Yesterday at dinner, I was discussing how a number of companies owned by married couples with men at the helm where struggling during this recession and my friend asked whether I had read Tim Adams’ article in the Observer on Sunday. As I hadn’t, he sent me a copy and I am delighted to share this with every working woman.
Testosterone and high finance do not mix: so bring on the women was an enlightening read on both behavioural evidence and neuroeconomic research around the global financial crisis and how the picture would have been different if women has been in controlling positions.
Gender inequality at the top of the financial services is a real problem. Michael Lewis author of The Big Short along with Joe Herbert and John Coates researchers on neuroeconomics at Cambridge University, clearly evidence women as being better risk managers than men. Coates explains that the euphoria brought about by testosterone when securing deals skews male judgement. They take higher risks on the hope that they will have a greater return. Women only have 10% testosterone so are not bound by the same chemical impacts. Their risks are evidently more calculated and spread.
I was not shocked to read that in only 5.5% of executive directors in FTSE 100 companies are women. However, evidently, female led companies provide at least a 35% higher return on equity and a board with more than 3 women have an 80% higher return. Of course this cannot be said about the financial services as they do not have female led businesses. Norway recently took radical steps to equalise the balance of power by imposing a 40% female quota on boards. Data is showing that this policy has been successful.

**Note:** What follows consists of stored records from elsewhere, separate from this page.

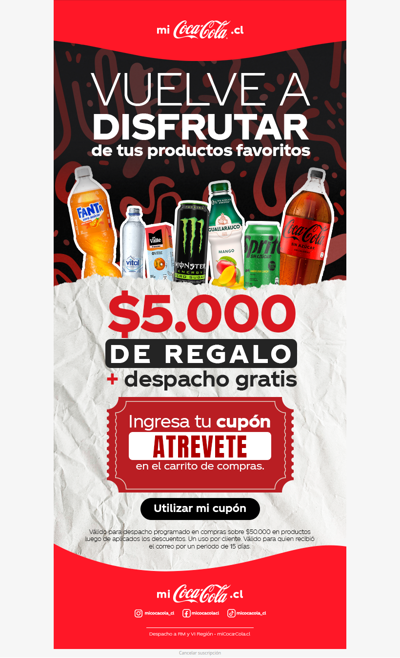 🎉 Bienvenido: $5.000 + Despacho gratis en tu primera compra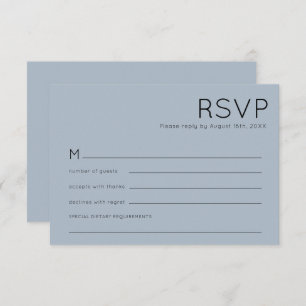 Simple Typography Dusty Blue Wedding RSVP Card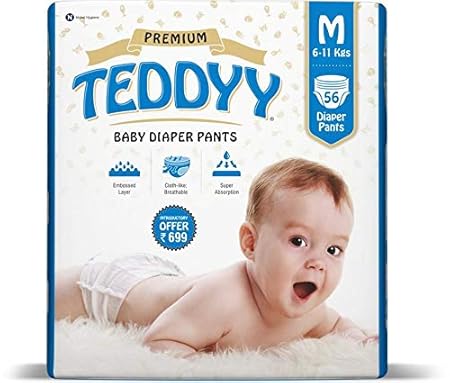Teddyy Baby Premium Medium Diaper Pants (Pack of 56)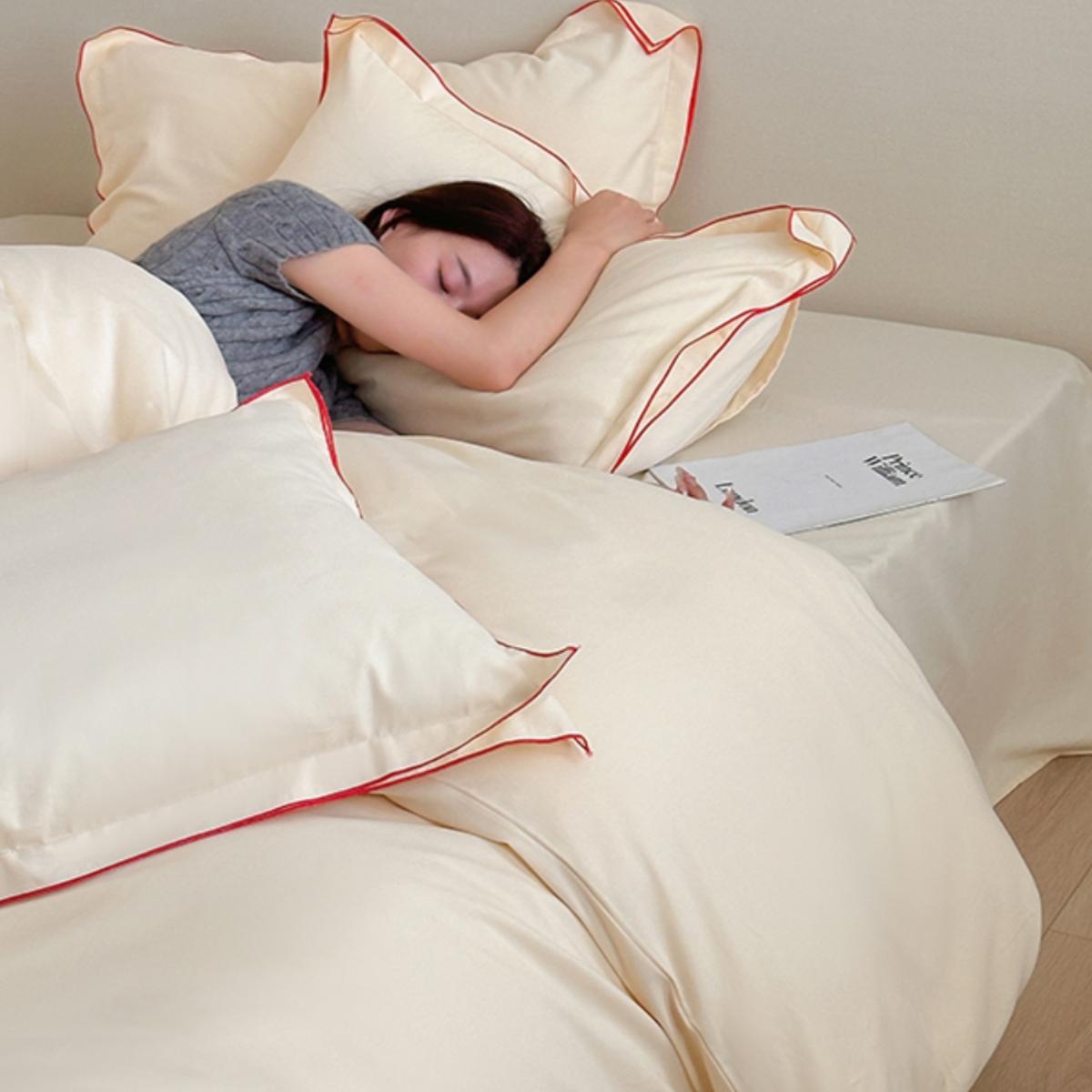 床单床笠款四件套全棉毛毛简约风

Without going into the whole article as you can read this for yourself, I want to highlight the one six main things revealed by the neureconomics research as reported in the article as it really made me shout hooray!!
■ Men’s brains tend to shut down after they have proposed a deal, waiting for the response. Scans show that women brains continue to be active, analysing whether they have done the right thing.
We are often blamed for over analysing and thinking too much about things by our male counterparts. I am pleased to see there is a positive stance on our female ways and actually this is great for business.
For all you working women out there, especially in the financial services, know that they way you work is far better value for money.